We had a fabulous time taking 17 days to make our way through some of the prettiest countryside in the Northeast. There was a time earlier this year when I felt like a road trip was kind of a boring vacation. Not that I didn’t want to do it, but at work I was planning trips to Italy, Japan, Tahiti, and a hundred other places for other people. A road trip just seemed a bit of a let down. I couldn’t have been more wrong. The whole trip was amazing and we both wish we were still on the road.

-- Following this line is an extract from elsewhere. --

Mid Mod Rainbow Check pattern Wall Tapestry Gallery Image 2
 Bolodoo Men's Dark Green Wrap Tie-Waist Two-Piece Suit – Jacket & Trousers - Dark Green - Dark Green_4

So this was the path we took:

1 Aug: DC to Ithaca, New York
2 Aug: Ithaca
3 Aug: Ithaca
4 Aug: Ithaca to Elk Lake in the Adirondacks
5 Aug: Elk Lake
6 Aug: Elk Lake
7 Aug: Elk Lake to Woodstock, Vermont (with a dip into New Hampshire)
8 Aug: Woodstock to Great Barrington, Massachusetts in the Berkshires
9 Aug: Great Barrington
10 Aug: Great Barrington
11 Aug: Great Barrington to Hudson, New York
12 Aug: Hudson to Hyde Park via Connecticut
13 Aug: Hyde Park to Tarrytown, New York
14 Aug: Tarrytown
15 Aug: Tarrytown to Philadelphia
16 Aug: Philadelphia
17 Aug: Philadelphia to DC

It turned out to be about 2,000 miles when all was said and done.